Saturday, February 20, 2010

Kinkos Blow (Up) Job

Let's pretend that this photo has something to do with the following entry without acknowledging the fact that I am just too lazy to take a relevant picture for you. Shall we?


Did you know that Hobby Lobby has custom frames (unclaimed for whatever reason) 80% off right now? I was shocked too; I thought that only happened in July. In fact, when I discovered them I was so overwhelmed with lust that I started making out with a handsome silver leaf devil right in the middle of the clearance aisle. It was embarrassing to say the least.

Anyway, it was not until I got home with a shit load of these gigantic things that I realized that most of them were not standard sizes.

Can you say DAMMIT?
All together now: DAMMIT!

Don't worry, this story has a happy ending.

FedEx Kinkos (or whatever they call themselves this week) can make photo enlargements, if you are willing to pay them a million dollars. I think it is understood that I am not. What they don’t tell you is that for the cost of a cheese enchilada you can print humongo images that you stole from the internets of your own compositions on rolled architectural bond paper. Maximum width is 36” for black and white and 40” for color in any length.

I’ll give you a minute to let that sink in.

Like crack without all the addiction/tooth loss issues, right?
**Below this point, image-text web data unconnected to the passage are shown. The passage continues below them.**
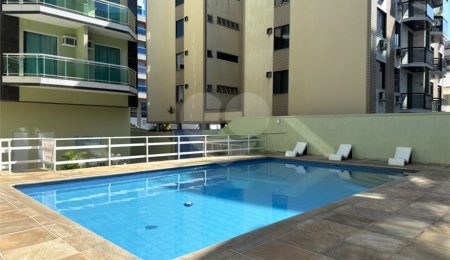 Apartamento à venda com 2 quartos, sendo 1 suíte,  em Vila Nova, Cabo Frio, RJ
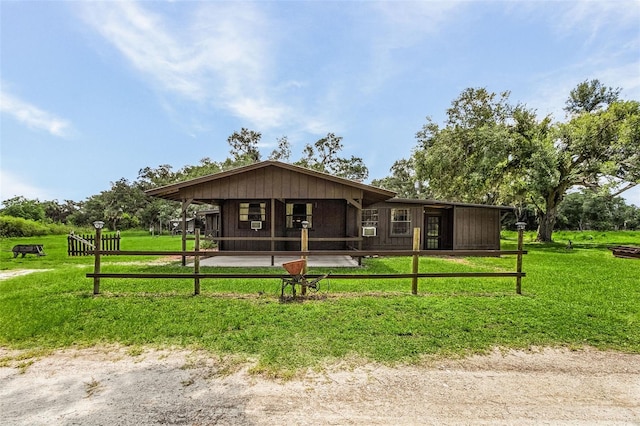 view of front facade with a front yard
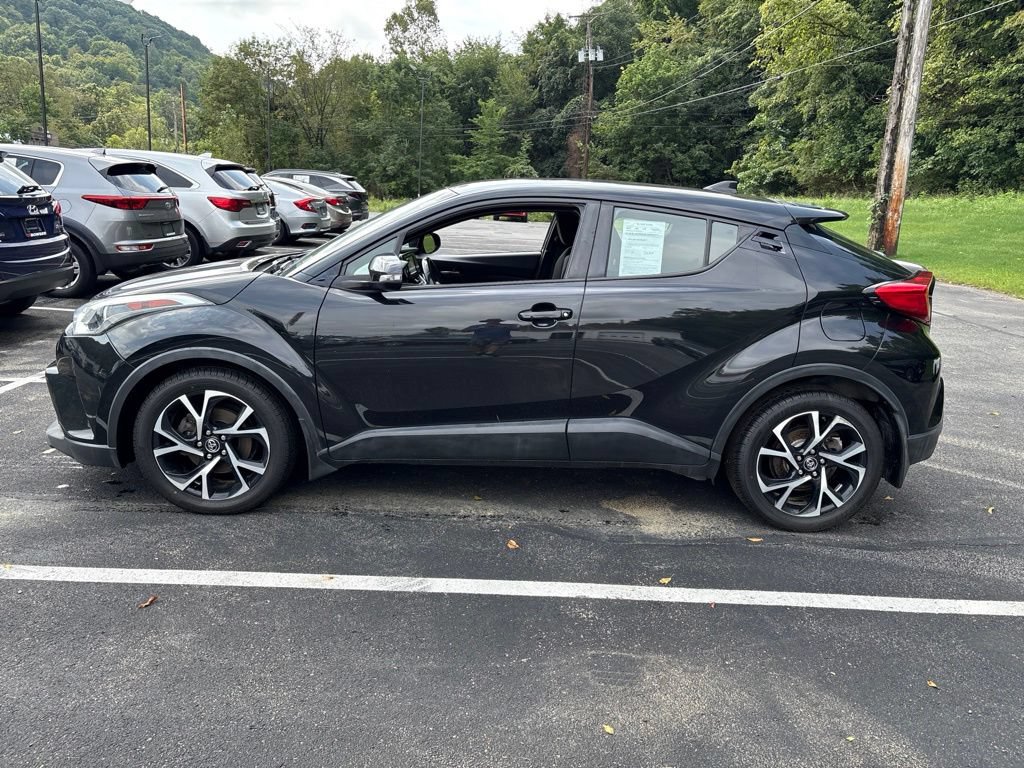 Used 2018 Toyota C-HR XLE FWD image 2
I can imagine that about now you are wishing that you had my phone number so that you could call me for the hook up, (ok, maybe not. Shut up, it's my imagination not yours), but that won't be necessary. I am feeling all sharey this morning. Don't say I never gave you anything.
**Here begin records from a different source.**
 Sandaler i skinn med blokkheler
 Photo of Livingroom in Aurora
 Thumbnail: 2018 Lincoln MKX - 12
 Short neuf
Kinkos Blow (Up) Job Instructions-

1. Optimize your stolen image lovely artwork to 300 dpi. (Here is a free program if you need it, you can also enlarge the image in inches to fit your frame. Cool, yes?). Then go Here and find the Kinko’s closest to your office so you can lie to your boss and tell him that you are running to the drugstore for feminine products and be back to work in a reasonable period of time.

Upload the image with instructions to the Kinkos dude who is not aware that he is about to be your new best friend. Then go give your new best friend your lunch money and he will give you your cool ass picture. Buy a can of spray adhesive while you are there.

2. Adhere your cool ass picture to foam core or similar sturdy cardboard you have taking up space in the front seat of your car. (Sayonara, Mr. Wonderful) and mount it inside your frame. I didn’t worry about glass mostly because I am cheap because I like the way it looks as is, but you can add it if you want.

3. A word of warning. The paper is not photo quality, it is blue print paper so you have to be a little careful (Read: Don't try it drunk) when attaching it to your foam core or you will fuck it up (Does that sound like the voice of experience talking? It is).

Now that I have the hang of it, I am seriously considering wallpaper.
Might as well think big right?

Out-
T.

2 comments:

formerly fun said...

Oh this is good to know, thanks for the intel.

Tobi said...

FF- Oh my goodness, I woke up thinking "Bus Scrolls" the Kinkos dude is in for it!